Problem to solve
Reproduce the listing verbatim through the line with "Országos razzia kezdődik".

Records supplied
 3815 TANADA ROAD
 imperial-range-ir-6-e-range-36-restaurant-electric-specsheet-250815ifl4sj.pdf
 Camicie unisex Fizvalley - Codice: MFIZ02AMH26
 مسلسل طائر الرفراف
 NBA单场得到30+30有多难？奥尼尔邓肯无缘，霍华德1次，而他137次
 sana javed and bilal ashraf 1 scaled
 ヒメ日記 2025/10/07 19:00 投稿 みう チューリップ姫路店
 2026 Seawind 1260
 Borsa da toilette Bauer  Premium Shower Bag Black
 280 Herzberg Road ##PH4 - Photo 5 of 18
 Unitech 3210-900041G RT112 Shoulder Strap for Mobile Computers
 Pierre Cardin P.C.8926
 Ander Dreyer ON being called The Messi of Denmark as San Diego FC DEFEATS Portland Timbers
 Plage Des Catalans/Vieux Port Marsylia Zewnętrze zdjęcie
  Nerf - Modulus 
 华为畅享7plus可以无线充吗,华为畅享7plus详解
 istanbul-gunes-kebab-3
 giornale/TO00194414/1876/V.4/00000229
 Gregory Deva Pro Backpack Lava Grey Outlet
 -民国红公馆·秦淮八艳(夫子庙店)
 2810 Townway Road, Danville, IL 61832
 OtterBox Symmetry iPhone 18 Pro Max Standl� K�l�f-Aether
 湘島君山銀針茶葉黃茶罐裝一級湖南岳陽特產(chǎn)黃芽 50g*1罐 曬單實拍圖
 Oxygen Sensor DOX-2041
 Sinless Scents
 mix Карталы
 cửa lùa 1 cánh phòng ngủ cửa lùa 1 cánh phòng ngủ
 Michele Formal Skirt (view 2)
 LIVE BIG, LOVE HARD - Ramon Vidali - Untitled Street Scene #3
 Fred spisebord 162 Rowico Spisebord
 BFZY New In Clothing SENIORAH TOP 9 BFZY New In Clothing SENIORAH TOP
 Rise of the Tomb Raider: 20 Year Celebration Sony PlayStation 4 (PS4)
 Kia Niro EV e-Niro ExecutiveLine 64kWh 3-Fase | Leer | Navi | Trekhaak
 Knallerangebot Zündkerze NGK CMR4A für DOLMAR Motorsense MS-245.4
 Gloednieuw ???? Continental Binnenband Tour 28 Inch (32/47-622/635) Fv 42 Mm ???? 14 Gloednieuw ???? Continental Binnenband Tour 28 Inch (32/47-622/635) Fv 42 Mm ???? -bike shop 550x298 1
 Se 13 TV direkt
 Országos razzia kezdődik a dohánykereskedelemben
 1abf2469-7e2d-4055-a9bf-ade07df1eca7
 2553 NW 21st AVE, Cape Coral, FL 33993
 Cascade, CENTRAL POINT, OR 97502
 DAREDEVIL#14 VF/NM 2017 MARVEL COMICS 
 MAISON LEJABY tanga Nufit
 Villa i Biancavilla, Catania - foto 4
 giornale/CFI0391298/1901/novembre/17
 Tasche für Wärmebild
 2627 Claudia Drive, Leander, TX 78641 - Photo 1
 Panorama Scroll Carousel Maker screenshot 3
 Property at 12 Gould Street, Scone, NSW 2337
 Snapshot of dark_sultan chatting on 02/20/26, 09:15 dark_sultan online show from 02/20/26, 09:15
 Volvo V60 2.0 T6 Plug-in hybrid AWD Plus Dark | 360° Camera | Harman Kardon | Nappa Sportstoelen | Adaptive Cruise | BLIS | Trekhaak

Solved problem
 3815 TANADA ROAD
 imperial-range-ir-6-e-range-36-restaurant-electric-specsheet-250815ifl4sj.pdf
 Camicie unisex Fizvalley - Codice: MFIZ02AMH26
 مسلسل طائر الرفراف
 NBA单场得到30+30有多难？奥尼尔邓肯无缘，霍华德1次，而他137次
 sana javed and bilal ashraf 1 scaled
 ヒメ日記 2025/10/07 19:00 投稿 みう チューリップ姫路店
 2026 Seawind 1260
 Borsa da toilette Bauer  Premium Shower Bag Black
 280 Herzberg Road ##PH4 - Photo 5 of 18
 Unitech 3210-900041G RT112 Shoulder Strap for Mobile Computers
 Pierre Cardin P.C.8926
 Ander Dreyer ON being called The Messi of Denmark as San Diego FC DEFEATS Portland Timbers
 Plage Des Catalans/Vieux Port Marsylia Zewnętrze zdjęcie
  Nerf - Modulus 
 华为畅享7plus可以无线充吗,华为畅享7plus详解
 istanbul-gunes-kebab-3
 giornale/TO00194414/1876/V.4/00000229
 Gregory Deva Pro Backpack Lava Grey Outlet
 -民国红公馆·秦淮八艳(夫子庙店)
 2810 Townway Road, Danville, IL 61832
 OtterBox Symmetry iPhone 18 Pro Max Standl� K�l�f-Aether
 湘島君山銀針茶葉黃茶罐裝一級湖南岳陽特產(chǎn)黃芽 50g*1罐 曬單實拍圖
 Oxygen Sensor DOX-2041
 Sinless Scents
 mix Карталы
 cửa lùa 1 cánh phòng ngủ cửa lùa 1 cánh phòng ngủ
 Michele Formal Skirt (view 2)
 LIVE BIG, LOVE HARD - Ramon Vidali - Untitled Street Scene #3
 Fred spisebord 162 Rowico Spisebord
 BFZY New In Clothing SENIORAH TOP 9 BFZY New In Clothing SENIORAH TOP
 Rise of the Tomb Raider: 20 Year Celebration Sony PlayStation 4 (PS4)
 Kia Niro EV e-Niro ExecutiveLine 64kWh 3-Fase | Leer | Navi | Trekhaak
 Knallerangebot Zündkerze NGK CMR4A für DOLMAR Motorsense MS-245.4
 Gloednieuw ???? Continental Binnenband Tour 28 Inch (32/47-622/635) Fv 42 Mm ???? 14 Gloednieuw ???? Continental Binnenband Tour 28 Inch (32/47-622/635) Fv 42 Mm ???? -bike shop 550x298 1
 Se 13 TV direkt
 Országos razzia kezdődik a dohánykereskedelemben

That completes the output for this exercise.